W dzisiejszych czasach łatwo prześledzić jakie pytania
nurtują ludzkość, bo wiedzy często szuka ona w sieci informacyjnej. I nie są to
bynajmniej kwestie filozoficzne, egzystencjalne czy religijne – częściej pytano
wyszukiwarkę jak schudnąć, zarobić pieniądze czy zrobić kwiatka na fejsbuku.
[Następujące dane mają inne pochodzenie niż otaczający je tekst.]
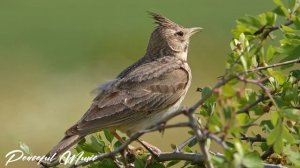 Музыка лечит бессонницу, полезна для сердца и успокаивает нервную систему?Музыка успокаивает душу 0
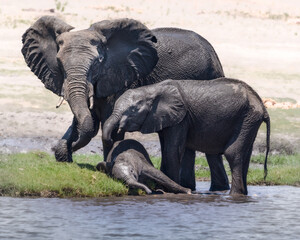 Group of 3 elephants, baby and adults. playing by the water in the Okavango Delta, Botswana, Africa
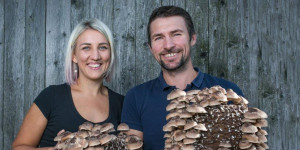 Beitragsbild des Blogbeitrags Flachgauer Biopilze: Der Schwammerlguru aus Obertrum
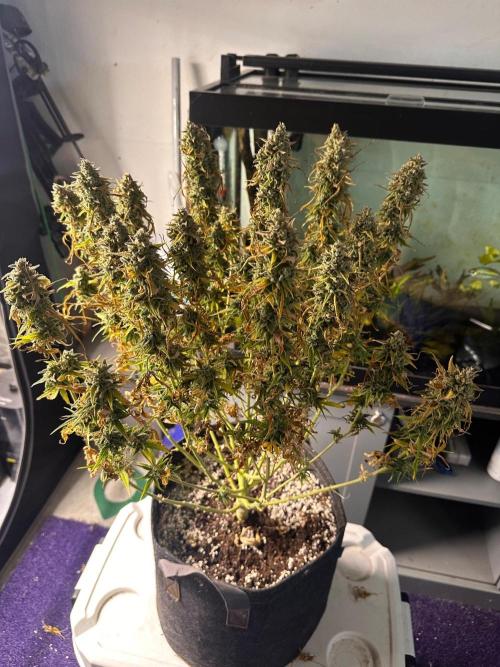 Jelly Donutz Auto. Week 11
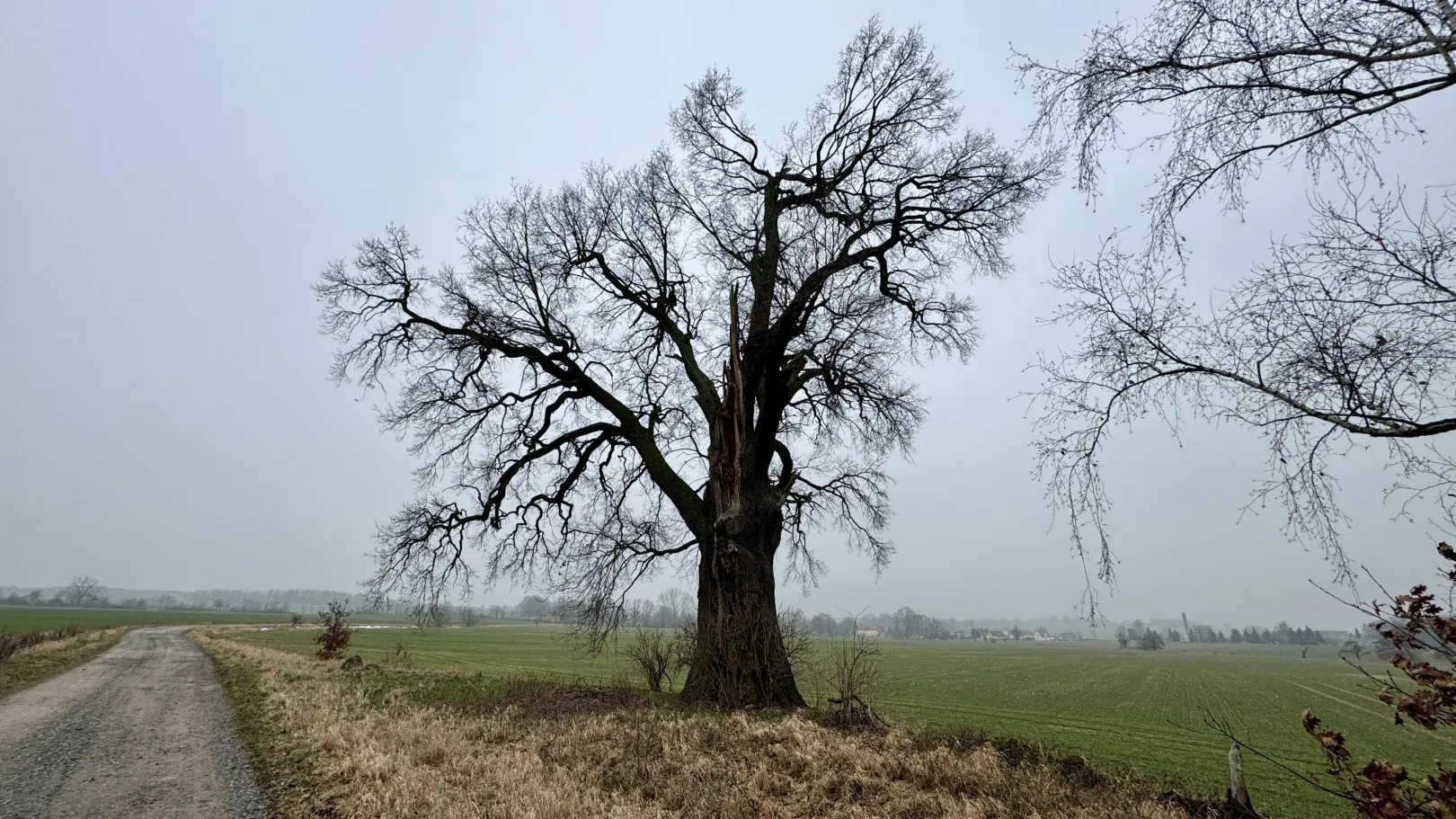 Ich höre zu – ein Jahr im Schweigen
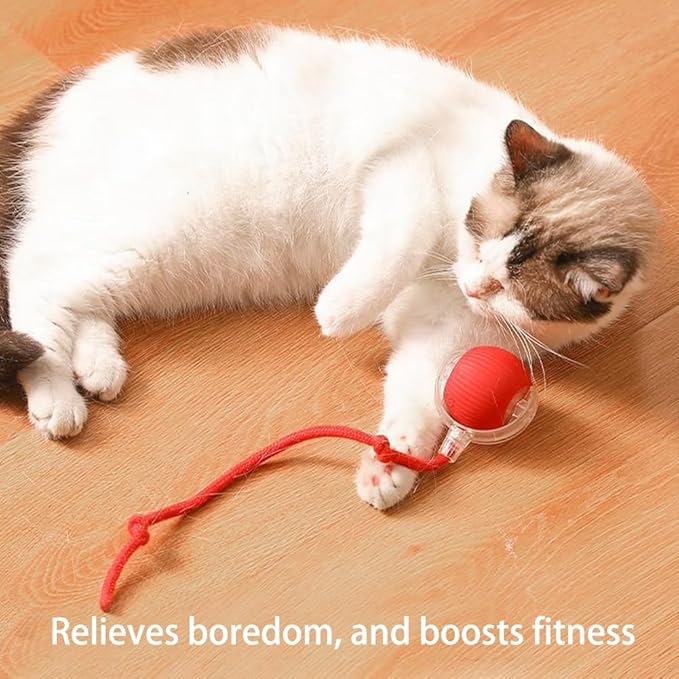 Interactive Cat Toys Motion Activated,Automatic Rolling Pet Ball,Obstacle Avoidance 3 Play Modes Quiet Durable Chew Resistant Material USB Rechargeable Long Battery Life for Cats (Green+Red)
Wzniośli bywamy najczęściej wtedy kiedy tego do nas oczekują – na przykład na
pogrzebach, akademiach i wiecach politycznych. Tyle że przeradza się to wtedy w
jakieś dziwne zadęcie. Oczywiście roztrząsanie wszystkiego może być bardzo
uciążliwe, ale i tak bez przerwy to robimy. Roztrząsamy jednak sprawy takie jak
parametry smatfona, moda odzieżowa czy krosty na dupie, które w swej głowie
powiązaliśmy z naszymi potrzebami. Tymczasem identyfikacja pierwotnych przyczyn
mogłaby nam uświadomić, że wiele z poszukiwanych przez nas rzeczy nie jest nam do niczego
potrzebnych.
Kierunkiem medytacji jest właśnie wyzwalanie się z
przypadkowych uwarunkowań, a nie zatracanie się w bezczynności. Wszelką
zgłębianą wiedzę psychologiczną powinniśmy zatem odnosić zwłaszcza do siebie, a
nie do innych. Wszystko jest umysłem i tylko w naszym umyśle się rozgrywa.
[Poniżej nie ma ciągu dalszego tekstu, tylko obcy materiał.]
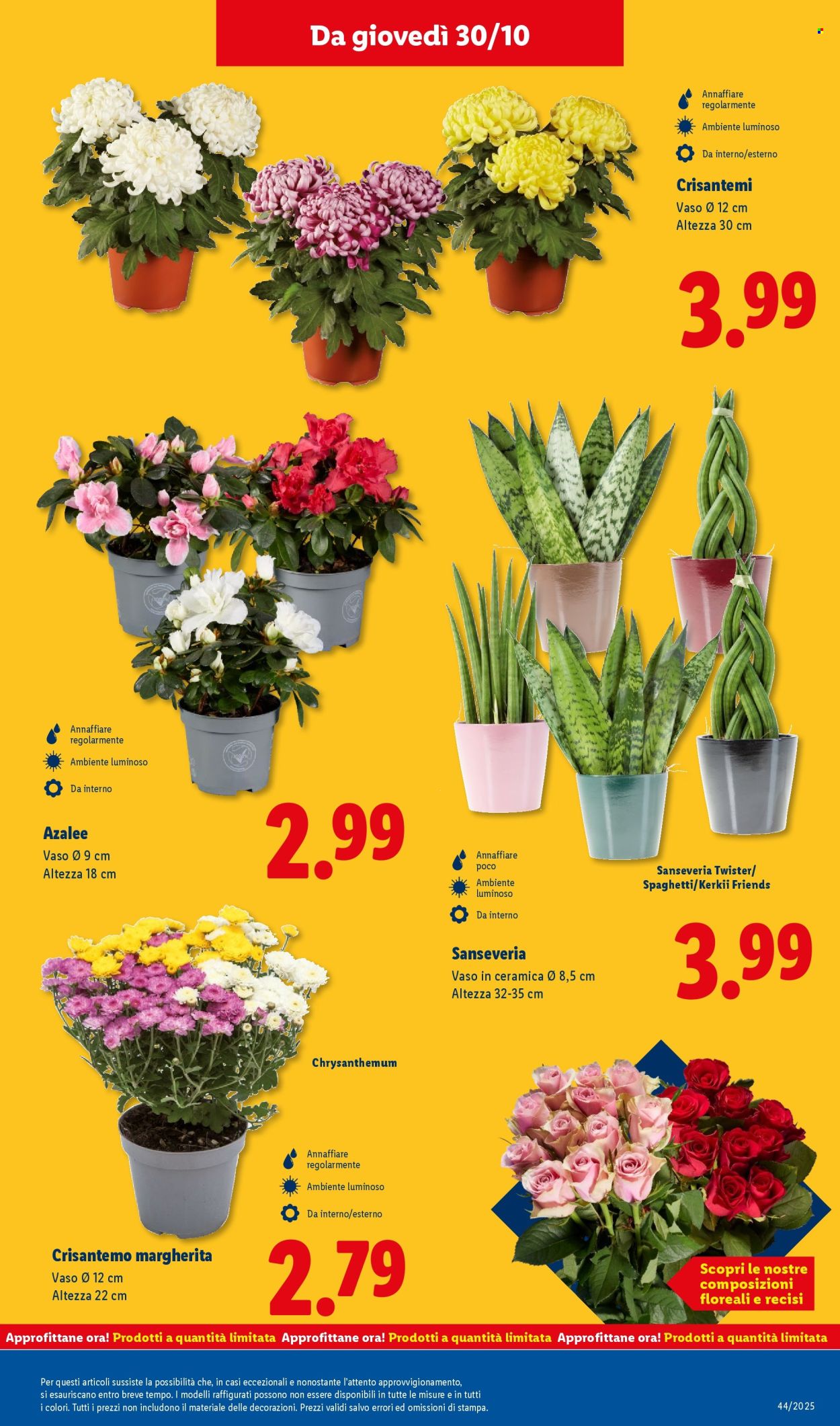 Volantino Lidl - 27/10/2025 - 2/11/2025. Pagina 43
Opieranie się manipulacji i instrumentalnemu wpływowi jest ważniejsze od ich
stosowania, bo rozpychając się w świecie często tak naprawdę realizujemy tylko
„scenariusz sukcesu” – wgrane w nas wytyczne wyznaczające kulturowe modele
statusu i przyjemności. Swego czasu angielska szlachta mianem snobów (sine
nobilitate = bez szlachectwa) określiła nowobogackich pozorujących jej styl
życia. Snobizm przejawiał się w mechanicznym imitowaniu manier, zwyczajów i
upodobań, bez rozumienia ich głębszego znaczenia. Siłą rzeczy stawał się więc
parodią samą w sobie. Dziś często odtwarzamy różne trendy, nie zastanawiając
się nad przyczynami własnych motywacji.
Po to żeby dowartościować się w oczach innych gotowi
jesteśmy na stres, brak czasu, hipokryzję. Lecz jeśli sami nie znamy swojej
wartości zazwyczaj jest to tylko jej udowadnianie. Zarówno przedmioty jak i
wszelkie abstrakty (dyplomy, tytuły, rankingi) powinniśmy rozpatrywać jedynie
pod kątem ich wartości użytkowej, a nie docelowej. Snob wstydząc się swojego
statusu usiłuje naśladować kulturę do której aspiruje, przy czym nie skupia się
na jej treści, a jedynie atrybutach zewnętrznych. Biorąc pod uwagę jak medialny
ogon kręci dzisiaj psem, trzeba niestety przyznać, że współczesna kultura staje
się coraz bardziej snobistyczna. Zastanawiamy się jak wyglądać, gdzie się
pokazać, czym zabłysnąć – nie wiemy tylko jak się od tego oddzielić i być autentycznym.